Outdoor audiences are wonderfully uninhibited. They respond instinctively, laughing louder, reacting faster, sometimes even talking back. That immediate feedback loop sharpens the performance and keeps you completely present in a way that’s thrilling as an actor. There’s also something beautifully fitting about it, because Shakespeare’s plays were originally written to be performed outdoors, in shared spaces where audience and actors existed together in real time.”

When comparing a traditional stage to an outdoor environment, Somers says she loves both, but does conceded that there’s something incredibly special about outdoor theatre. “It feels communal, ancient, and shared, like storytelling in its purest, most human form. It truly marries nature and art.”

Another fabulously exciting notch on Somers’ resume is spending two years in China with Disney, portraying a variety of beloved princesses, most notably Queen Elsa and Princess Anna in the Frozen stage show.

“Becoming a Disney Princess was one of those surreal “how is this my life?” moments. It came through professional performance work and extensive training, and it demanded an entirely different skill set: stamina, precision, kindness, and an unwavering commitment to joy.

That role took me far from home. I lived in Hong Kong for six months and then Shanghai for two years, which was both an extraordinary adventure and a challenge in itself. Being away from family, navigating new cultures, and building a life overseas pushed me to grow not just as a performer, but as a person.

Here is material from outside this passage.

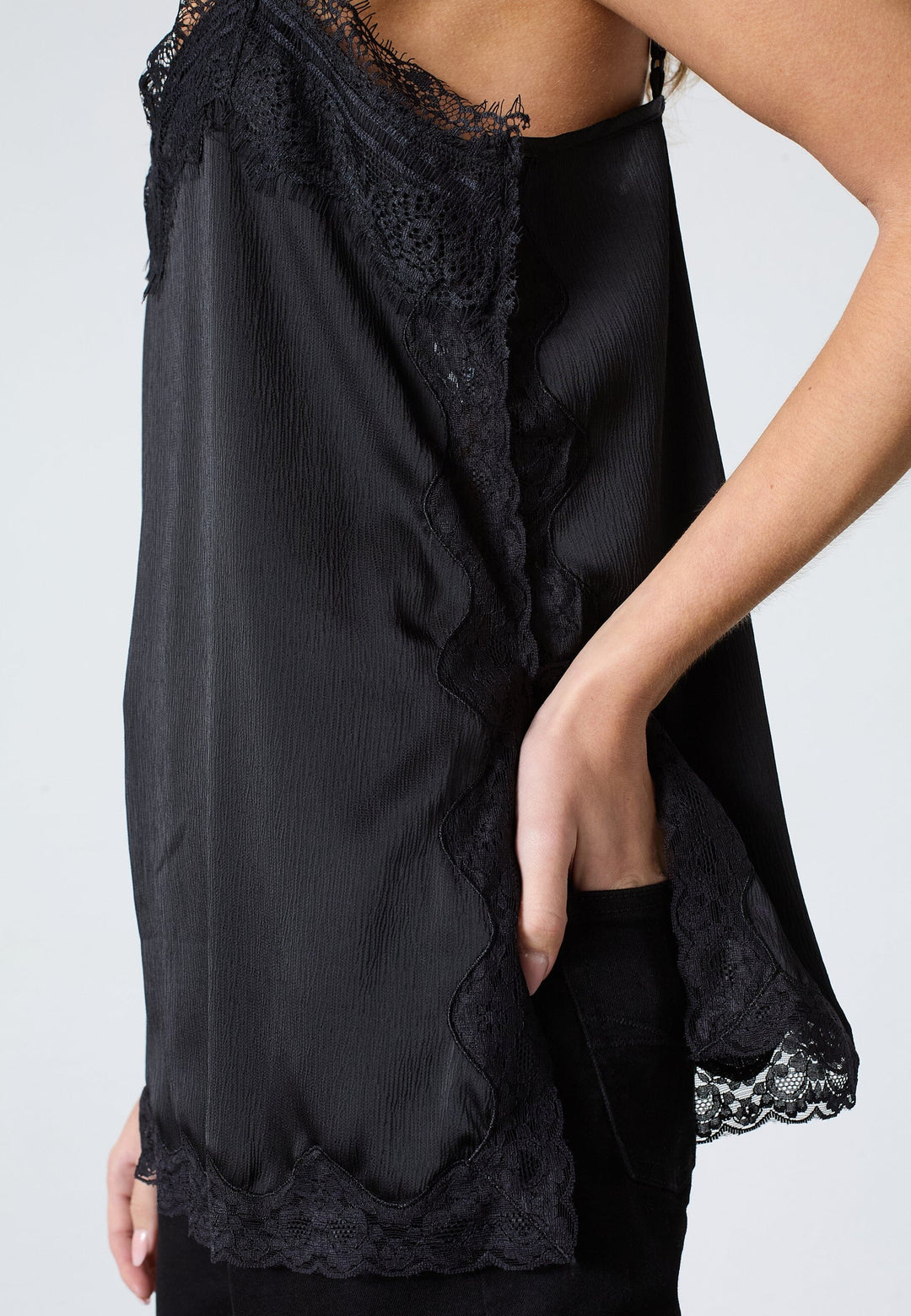 Sisters Point - Isolde-St1 19736 - 000 - Black Toppe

While in Shanghai, I performed as Elsa and had to learn the entire Frozen show in Mandarin. The training was incredibly rigorous, and the stakes were high, because if you lose your place on stage in a language you don’t actually speak, there isn’t a lot that can be done to save you. That experience taught me an enormous amount about discipline, focus, and trust in preparation.”

Somers says bringing Frozen to life for audiences was absolutely magical and a genuine dream come true. “Creating real wonder for children and families was the obvious delight, while sustaining that magic through heat, exhaustion, and long performance days was the challenge. Ultimately, it taught me professionalism at the highest level and reaffirmed the power of imagination, generosity, and wholehearted commitment in performance.”

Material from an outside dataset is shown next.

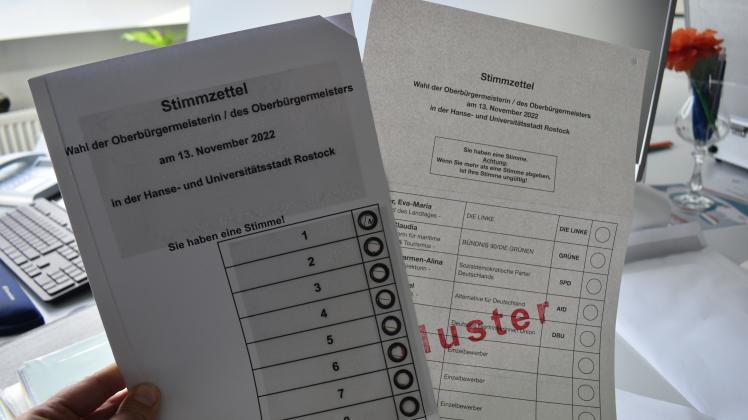 Blinde und Sehbehinderte können mit der Wahlschablone ohne fremde Hilfe bei der Rostocker OB-Wahl wählen. Die Schablone wird einfach über den Stimmzettel gelegt.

As an actor, Somers is drawn to characters with heart, those who are flawed, funny, and deeply human. She loves telling stories that invite audiences to laugh and then unexpectedly recognise themselves. Comedy that reveals truth, and vulnerability that creates connection, that’s my sweet spot.

Somers has been drawn to comedy for as long as she can remember. “Even as a little girl, my instinct was always to make people laugh, and that impulse has never left me. There’s nothing that gives me greater joy than hearing an audience laugh, it feels immediate, communal, and profoundly human. Comedy roles, when done well, allow us to explore insecurity, courage, embarrassment, and love in ways that feel accessible and honest. They remind us that laughter isn’t a distraction from truth, it’s often the most direct path to it.”

If you loved A Midsummer Night’s Dream, this is the perfect show for you this summer! It’s Shakespeare unshackled, unplugged and loads of fun for the thespian or tradie in all of us. Audiences will encounter Hamlet as the MasterChef of Denmark, the Much Ado About Nothing boot scoot, King Lear in a hip-hop battle, an interpretive ballet rendition of Romeo & Juliet, and a musical version of Antony and Cleopatra – featuring Johnny Cash and an inflatable snake.

Says Somers, “If you think Shakespeare isn’t for you, this show is for you. Best Bits is joyful, fast-paced, playful, and full of heart. It’s theatre that doesn’t ask for prior knowledge, just an open heart and playful intent. Bring a picnic, bring your friends, and come laugh with us under the sky. It’s Shakespeare as it was always meant to be: shared, alive, and utterly human.”